Make a Good Decision—Have the Proper Data
TrialSite suggests that this ruling represents a real opportunity for what can become an eventual improvement in the mission-critical risk-benefit analysis needed for determination of benefit, or risk of COVID vaccination with the Pfizer vaccine called BNT162b2, or “Comirnaty.”
The mass vaccination of very young children, for example, raises several important ethical questions that can only be properly addressed by a rigorous, independent, and unbiased risk-benefit analysis of the true benefits and costs of this vaccine. But without underlying comprehensive product data there can be no such independent analyses.
As Siri reports himself, the latest ruling will make data available enabling independent scientists the ability to “offer solutions and address serious issues with the current vaccine program—issues which include waning immunity, variants evading vaccine immunity, and as the CDC has confirmed, that the vaccines do not prevent transmission.”
Mandate Elements
Bioethicists can make a strong case that forced mandates presuppose a few critical prerequisite factors, such as quality, safety, and effectiveness. In this case, a growing number of scientists, physicians, and health policy analysts, as well as political representatives, share concerns that the COVID-19 vaccines have failings that must be uncovered, analyzed, and better understood. The stakes are too high.

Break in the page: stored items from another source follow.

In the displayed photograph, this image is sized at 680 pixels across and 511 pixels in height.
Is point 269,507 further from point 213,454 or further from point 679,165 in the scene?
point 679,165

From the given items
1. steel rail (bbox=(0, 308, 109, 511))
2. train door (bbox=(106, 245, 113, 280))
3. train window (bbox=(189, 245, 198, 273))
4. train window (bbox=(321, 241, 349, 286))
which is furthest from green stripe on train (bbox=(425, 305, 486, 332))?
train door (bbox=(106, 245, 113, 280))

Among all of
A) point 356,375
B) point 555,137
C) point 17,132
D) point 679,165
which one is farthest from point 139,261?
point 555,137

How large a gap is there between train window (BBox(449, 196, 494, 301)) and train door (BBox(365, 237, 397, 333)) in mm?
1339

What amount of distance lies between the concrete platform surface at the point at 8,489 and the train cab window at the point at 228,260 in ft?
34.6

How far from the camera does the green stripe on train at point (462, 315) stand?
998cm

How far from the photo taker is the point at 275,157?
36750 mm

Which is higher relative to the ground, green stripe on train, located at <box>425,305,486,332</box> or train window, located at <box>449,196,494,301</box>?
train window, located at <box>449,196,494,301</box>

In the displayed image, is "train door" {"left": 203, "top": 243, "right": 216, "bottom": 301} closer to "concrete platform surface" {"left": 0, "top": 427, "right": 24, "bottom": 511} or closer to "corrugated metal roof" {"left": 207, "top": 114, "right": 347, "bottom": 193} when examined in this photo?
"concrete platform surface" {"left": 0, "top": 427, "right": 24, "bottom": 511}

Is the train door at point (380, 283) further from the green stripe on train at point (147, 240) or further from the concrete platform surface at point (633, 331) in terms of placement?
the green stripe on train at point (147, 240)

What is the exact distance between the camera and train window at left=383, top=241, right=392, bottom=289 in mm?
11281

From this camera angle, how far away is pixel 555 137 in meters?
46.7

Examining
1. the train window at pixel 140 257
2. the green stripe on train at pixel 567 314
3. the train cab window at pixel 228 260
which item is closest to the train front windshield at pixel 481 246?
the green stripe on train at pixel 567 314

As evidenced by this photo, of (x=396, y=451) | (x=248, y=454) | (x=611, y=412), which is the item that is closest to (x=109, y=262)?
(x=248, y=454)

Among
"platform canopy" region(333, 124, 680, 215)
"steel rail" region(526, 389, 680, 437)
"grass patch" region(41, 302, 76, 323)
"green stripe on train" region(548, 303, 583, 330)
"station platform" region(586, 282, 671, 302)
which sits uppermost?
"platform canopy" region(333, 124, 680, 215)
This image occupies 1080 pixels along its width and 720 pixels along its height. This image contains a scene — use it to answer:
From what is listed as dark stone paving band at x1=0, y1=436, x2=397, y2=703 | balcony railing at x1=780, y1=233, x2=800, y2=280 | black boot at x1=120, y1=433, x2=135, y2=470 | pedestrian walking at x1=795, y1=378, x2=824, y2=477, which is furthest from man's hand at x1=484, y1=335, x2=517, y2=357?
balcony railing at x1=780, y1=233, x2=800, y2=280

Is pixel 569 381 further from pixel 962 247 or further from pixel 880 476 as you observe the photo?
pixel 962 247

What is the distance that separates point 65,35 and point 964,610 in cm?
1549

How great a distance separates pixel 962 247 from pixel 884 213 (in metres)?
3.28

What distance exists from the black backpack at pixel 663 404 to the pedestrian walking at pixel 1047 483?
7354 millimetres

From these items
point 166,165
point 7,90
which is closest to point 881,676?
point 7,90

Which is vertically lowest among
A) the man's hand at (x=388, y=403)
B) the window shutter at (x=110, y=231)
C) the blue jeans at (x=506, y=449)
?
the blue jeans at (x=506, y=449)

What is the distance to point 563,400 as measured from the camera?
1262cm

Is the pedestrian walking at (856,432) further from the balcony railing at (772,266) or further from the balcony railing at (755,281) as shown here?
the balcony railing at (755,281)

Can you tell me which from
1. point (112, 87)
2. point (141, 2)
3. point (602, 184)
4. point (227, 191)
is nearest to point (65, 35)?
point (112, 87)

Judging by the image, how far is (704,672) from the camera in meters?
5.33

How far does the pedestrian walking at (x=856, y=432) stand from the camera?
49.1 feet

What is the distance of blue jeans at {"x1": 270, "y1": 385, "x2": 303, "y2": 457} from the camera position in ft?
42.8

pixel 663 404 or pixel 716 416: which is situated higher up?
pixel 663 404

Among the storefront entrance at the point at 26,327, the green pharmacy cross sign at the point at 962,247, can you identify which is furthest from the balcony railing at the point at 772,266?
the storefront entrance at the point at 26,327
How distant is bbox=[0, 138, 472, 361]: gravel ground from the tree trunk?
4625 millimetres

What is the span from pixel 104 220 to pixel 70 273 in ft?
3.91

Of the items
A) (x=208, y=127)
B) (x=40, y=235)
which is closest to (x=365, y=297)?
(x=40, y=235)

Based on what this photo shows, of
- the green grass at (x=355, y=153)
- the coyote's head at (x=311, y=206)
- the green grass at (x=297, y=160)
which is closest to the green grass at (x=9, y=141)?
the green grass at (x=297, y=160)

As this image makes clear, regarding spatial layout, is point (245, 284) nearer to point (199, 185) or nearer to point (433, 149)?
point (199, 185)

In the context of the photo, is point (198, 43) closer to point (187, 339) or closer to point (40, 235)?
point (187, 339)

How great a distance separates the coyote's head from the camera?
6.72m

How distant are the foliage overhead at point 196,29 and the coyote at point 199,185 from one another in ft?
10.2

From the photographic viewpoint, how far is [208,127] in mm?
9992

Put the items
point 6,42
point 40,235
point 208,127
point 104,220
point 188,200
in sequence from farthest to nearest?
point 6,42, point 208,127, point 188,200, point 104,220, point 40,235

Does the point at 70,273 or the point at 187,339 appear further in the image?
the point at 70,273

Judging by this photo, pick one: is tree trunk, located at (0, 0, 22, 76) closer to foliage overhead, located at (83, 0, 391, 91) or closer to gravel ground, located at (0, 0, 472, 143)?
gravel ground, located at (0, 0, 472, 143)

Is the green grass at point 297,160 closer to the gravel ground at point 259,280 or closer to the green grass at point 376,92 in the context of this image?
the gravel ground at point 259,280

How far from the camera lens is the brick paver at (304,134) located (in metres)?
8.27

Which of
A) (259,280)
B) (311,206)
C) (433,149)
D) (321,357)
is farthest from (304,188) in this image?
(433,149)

But who could deny that with a mandated medical procedure on hundreds of millions of people, that it’s right and proper that the regulatory agency involved allow for the transparency of underlying product documentation? Why would the FDA keep back critical COVID-19 vaccine data from the public when a substantial portion of that consumer base is coerced to engage in an unwanted medical procedure?

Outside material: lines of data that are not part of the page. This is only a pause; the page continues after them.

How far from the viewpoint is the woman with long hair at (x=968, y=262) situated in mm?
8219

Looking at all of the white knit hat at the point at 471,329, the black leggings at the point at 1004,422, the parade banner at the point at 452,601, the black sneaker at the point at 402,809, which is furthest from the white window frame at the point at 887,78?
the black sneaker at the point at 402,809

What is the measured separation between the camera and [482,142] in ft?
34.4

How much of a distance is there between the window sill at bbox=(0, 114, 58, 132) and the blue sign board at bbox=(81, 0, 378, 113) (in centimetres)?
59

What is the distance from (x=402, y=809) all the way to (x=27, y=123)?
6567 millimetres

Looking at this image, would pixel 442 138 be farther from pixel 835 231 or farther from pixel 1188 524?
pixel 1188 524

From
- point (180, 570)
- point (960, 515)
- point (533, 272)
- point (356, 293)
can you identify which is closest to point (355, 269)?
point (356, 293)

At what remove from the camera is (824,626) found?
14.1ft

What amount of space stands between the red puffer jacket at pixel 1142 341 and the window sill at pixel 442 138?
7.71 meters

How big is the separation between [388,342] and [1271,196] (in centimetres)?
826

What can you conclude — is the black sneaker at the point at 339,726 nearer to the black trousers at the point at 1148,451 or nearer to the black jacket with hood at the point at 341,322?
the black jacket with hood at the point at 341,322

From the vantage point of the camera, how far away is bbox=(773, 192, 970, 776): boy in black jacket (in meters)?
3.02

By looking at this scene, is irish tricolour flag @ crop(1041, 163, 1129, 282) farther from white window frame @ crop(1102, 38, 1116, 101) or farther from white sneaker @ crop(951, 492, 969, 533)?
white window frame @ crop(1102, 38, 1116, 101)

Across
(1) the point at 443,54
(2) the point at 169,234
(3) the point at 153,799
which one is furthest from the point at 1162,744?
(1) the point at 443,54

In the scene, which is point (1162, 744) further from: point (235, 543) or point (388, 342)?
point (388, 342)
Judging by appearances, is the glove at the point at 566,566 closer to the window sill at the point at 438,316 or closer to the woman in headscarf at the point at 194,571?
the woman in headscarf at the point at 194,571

Apparently, this judge came around to the significance and importance of this case. He “recognized the release of this data is of paramount public importance and should be one of the FDA’s highest priorities,” wrote Siri.

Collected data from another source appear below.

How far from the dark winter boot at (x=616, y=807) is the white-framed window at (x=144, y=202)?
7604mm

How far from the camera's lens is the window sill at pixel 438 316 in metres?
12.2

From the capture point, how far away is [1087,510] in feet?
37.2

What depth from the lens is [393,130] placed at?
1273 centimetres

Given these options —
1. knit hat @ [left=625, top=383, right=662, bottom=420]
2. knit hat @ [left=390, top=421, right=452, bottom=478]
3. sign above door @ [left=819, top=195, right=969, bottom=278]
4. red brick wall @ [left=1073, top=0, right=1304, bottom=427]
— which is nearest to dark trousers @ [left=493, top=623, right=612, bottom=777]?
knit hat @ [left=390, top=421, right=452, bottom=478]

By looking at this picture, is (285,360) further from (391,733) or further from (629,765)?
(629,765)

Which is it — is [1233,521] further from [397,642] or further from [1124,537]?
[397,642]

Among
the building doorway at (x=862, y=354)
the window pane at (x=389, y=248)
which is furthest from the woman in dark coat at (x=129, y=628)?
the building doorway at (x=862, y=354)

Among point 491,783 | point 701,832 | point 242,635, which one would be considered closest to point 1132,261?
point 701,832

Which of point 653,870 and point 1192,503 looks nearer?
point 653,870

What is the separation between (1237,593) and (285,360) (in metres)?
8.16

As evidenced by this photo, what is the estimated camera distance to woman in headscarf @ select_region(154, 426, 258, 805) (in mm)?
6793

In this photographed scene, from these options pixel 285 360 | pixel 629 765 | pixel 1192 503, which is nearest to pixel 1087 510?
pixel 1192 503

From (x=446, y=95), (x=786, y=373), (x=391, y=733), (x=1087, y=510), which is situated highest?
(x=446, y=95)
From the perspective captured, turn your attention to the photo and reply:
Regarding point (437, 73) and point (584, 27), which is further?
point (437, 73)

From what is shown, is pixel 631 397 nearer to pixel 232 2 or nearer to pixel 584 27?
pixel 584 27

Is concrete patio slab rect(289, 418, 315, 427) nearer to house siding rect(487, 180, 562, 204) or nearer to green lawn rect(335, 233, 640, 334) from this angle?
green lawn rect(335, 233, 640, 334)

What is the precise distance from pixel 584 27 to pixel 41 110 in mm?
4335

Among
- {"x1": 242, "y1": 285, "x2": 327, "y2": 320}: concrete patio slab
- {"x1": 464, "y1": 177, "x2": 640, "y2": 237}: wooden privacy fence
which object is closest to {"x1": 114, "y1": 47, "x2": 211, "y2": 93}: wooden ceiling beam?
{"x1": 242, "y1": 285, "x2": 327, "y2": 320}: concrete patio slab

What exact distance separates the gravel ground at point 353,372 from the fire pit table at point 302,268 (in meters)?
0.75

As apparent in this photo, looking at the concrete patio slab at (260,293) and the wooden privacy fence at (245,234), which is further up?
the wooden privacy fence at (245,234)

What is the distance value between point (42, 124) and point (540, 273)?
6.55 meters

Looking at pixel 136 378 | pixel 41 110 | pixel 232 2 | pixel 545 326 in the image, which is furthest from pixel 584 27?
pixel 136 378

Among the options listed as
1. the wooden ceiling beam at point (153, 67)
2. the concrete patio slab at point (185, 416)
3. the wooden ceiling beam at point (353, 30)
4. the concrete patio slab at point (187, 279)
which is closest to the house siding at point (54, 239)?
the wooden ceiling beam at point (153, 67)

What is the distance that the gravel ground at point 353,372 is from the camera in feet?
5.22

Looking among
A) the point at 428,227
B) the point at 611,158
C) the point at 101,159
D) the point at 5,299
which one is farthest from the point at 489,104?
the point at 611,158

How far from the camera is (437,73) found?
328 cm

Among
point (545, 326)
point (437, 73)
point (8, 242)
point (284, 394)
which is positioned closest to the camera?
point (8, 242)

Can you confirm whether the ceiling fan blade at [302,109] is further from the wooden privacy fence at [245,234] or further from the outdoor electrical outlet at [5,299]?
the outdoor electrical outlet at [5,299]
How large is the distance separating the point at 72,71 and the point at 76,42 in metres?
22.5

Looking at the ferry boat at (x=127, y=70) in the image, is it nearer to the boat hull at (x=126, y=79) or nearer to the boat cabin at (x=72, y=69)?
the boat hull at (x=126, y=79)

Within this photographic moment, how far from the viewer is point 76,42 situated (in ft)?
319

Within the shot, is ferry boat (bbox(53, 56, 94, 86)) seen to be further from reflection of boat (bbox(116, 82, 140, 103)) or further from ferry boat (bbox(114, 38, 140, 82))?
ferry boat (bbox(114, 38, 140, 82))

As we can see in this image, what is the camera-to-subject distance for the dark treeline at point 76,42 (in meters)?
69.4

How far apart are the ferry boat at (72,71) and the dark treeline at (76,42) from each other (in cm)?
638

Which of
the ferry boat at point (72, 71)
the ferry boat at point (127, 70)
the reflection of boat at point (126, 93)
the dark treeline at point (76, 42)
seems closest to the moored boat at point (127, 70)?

Interestingly, the federal judge quoted two former popular presidents in this latest hearing. Referring to James Madison, the judge for the United States District Court for the Northern District of Texas declared a “popular government, without popular information, or the means of acquiring it, is but a prologue to a farce or a tragedy.” This was followed by a quote from John F. Kennedy: “a nation that is afraid to let its people judge the truth and falsehood in an open market is a nation that is afraid of its people.”
As the data becomes available, TrialSite will collaborate with scientists to interrogate the trove for important data, insights, and breakthroughs—translated and streamlined and delivered in understandable, concise prose. One true hope—that Pfizer isn’t afforded the opportunity to redact too much of the information.